For the 2022 BBWAA Baseball Hall of Fame ballot, it is now Jeff Kent’s ninth go-round, meaning he has just one chance remaining, assuming he doesn’t get in this time. Kent was in the mid-teens in percentages in his first six votes, but has gone from 18.1 percent to 27.5 percent to 32.4 percent in his last three years. 

Given the mild surge and Kent nearing the end of his time on the ballot, I’m left wondering if maybe he should have been getting more support all along? Let’s see. 

A late bloomer, Kent wasn’t a regular starter until age 25 and he didn’t really settle in until his age-29 season with the Giants (his fourth team). Once he did settle in, though, he was an offensive force for a second baseman. Well, OK, he was an offensive force regardless of position, but he did so with power usually reserved for corner position players, especially in that time period. In his six years with the Giants, playing half his games in a tough offensive environment, he hit at least 22 homers — averaging 29 per year and topping out at 37 — and topped 100 RBI every year. He won an MVP and finished in the top 10 three other times. 

In all, Kent was a five-time All-Star and won four Silver Sluggers in addition to that MVP. In parts of 17 seasons, Kent slashed .290/.356/.500, good for a 123 OPS+. He finished with 2,461 hits, 560 doubles, 377 homers, 1,518 RBI and 1,320 runs. 

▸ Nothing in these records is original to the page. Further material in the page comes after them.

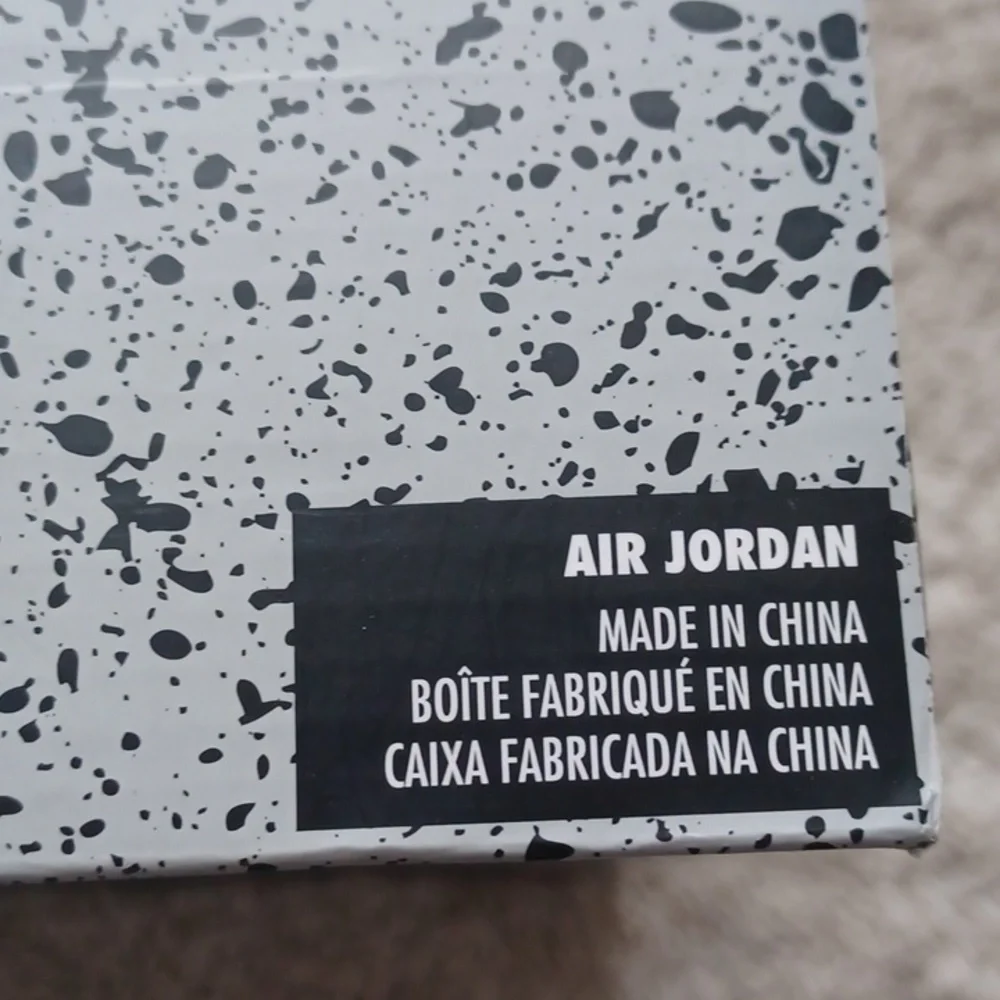 Air Jordan 6 Retro Size 8 Off White/ Maroon GUC - Picture 13 of 14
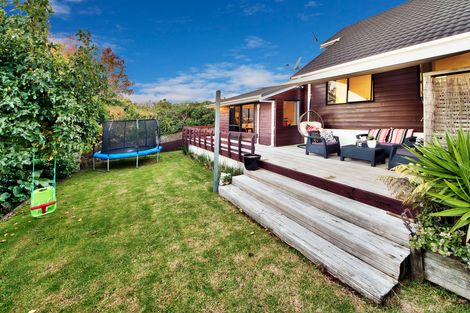 Photo of property in 11a Avonleigh Road, Green Bay, Auckland, 0604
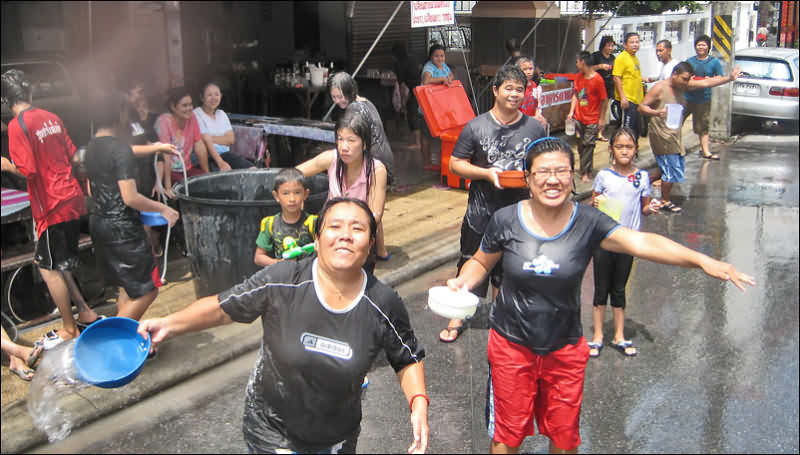 Тайский Новый год - Сонгкран, праздник обливания водой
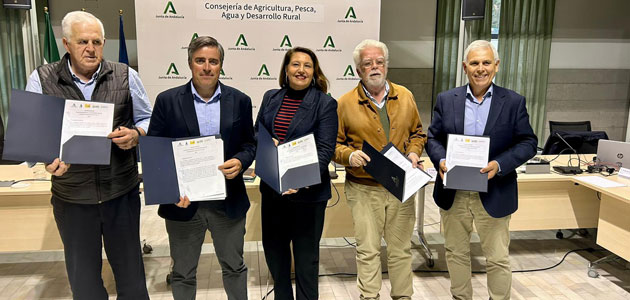 La Junta de Andalucía y el sector agrario renuevan su 'alianza histórica' y presentan alegaciones al Plan Estratégico de la PAC
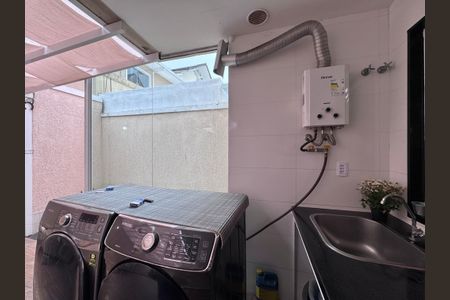 Casa de condomínio à venda com 250m², 5 quartos e 2 vagas Casa de condomínio à venda com 250m², 5 quartos e 2 vagasÁrea de Serviço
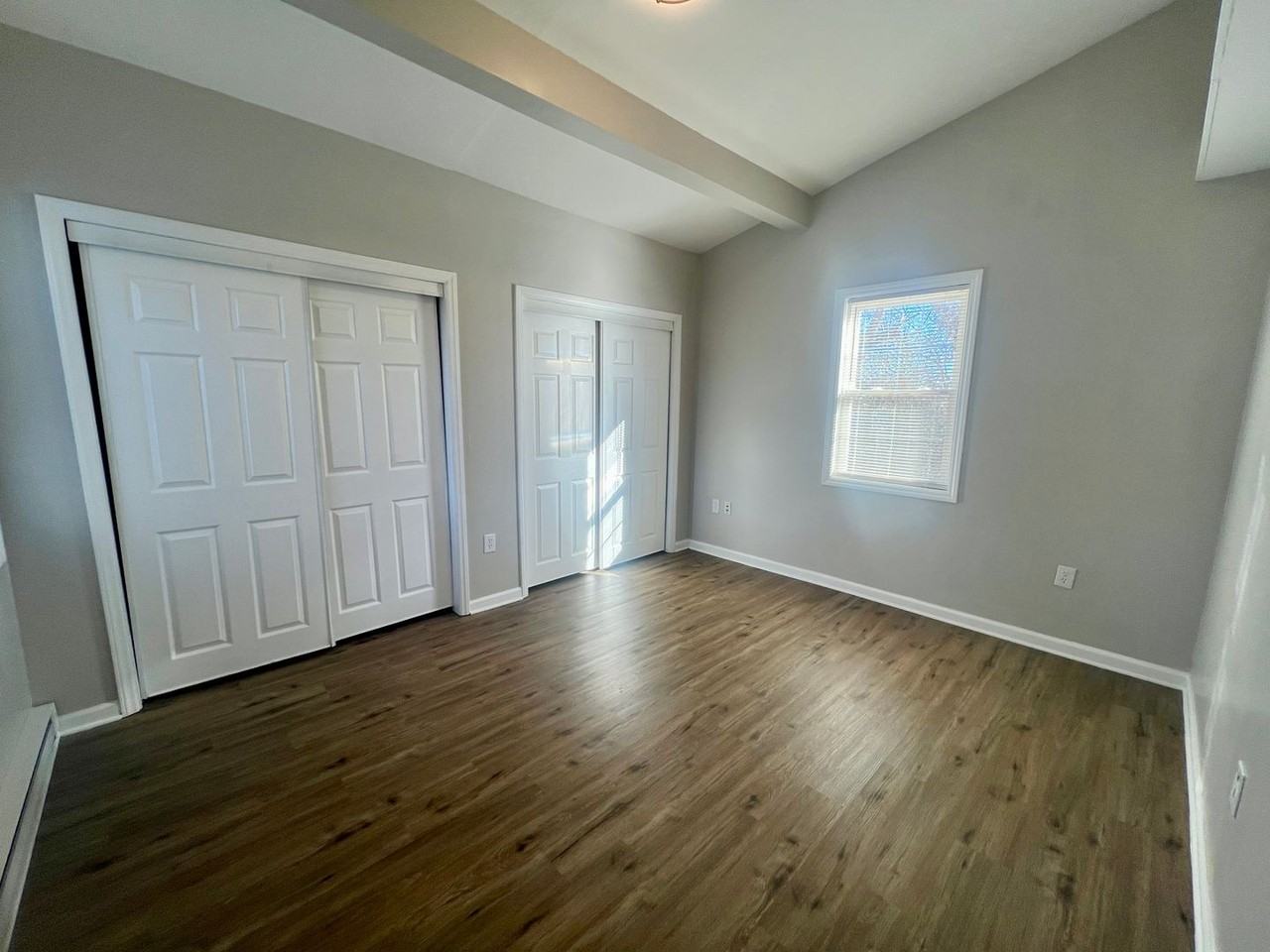 114 Park Ave - Photo 5 of 9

Though he didn’t win a ring, Kent was on the 2002 pennant-winning Giants and appeared in seven different postseasons. In 49 playoff games, he hit .276/.340/.500 with 11 doubles, nine homers and 23 RBI. 

Among players who spent the majority of their time at second base, Kent is 12th in runs, 13th in hits, fifth in doubles, first in home runs and third in RBI. Overall, Kent ranks 30th in doubles, 43rd in extra-base hits, 54th in RBI, 69th in total bases and 76th in home runs in MLB history. Coming from a second baseman, those are lofty rankings. It couldn’t feasibly be argued he’s the best hitting second baseman ever, but he is in the conversation for the best slugger, trailing possibly only Rogers Hornsby. 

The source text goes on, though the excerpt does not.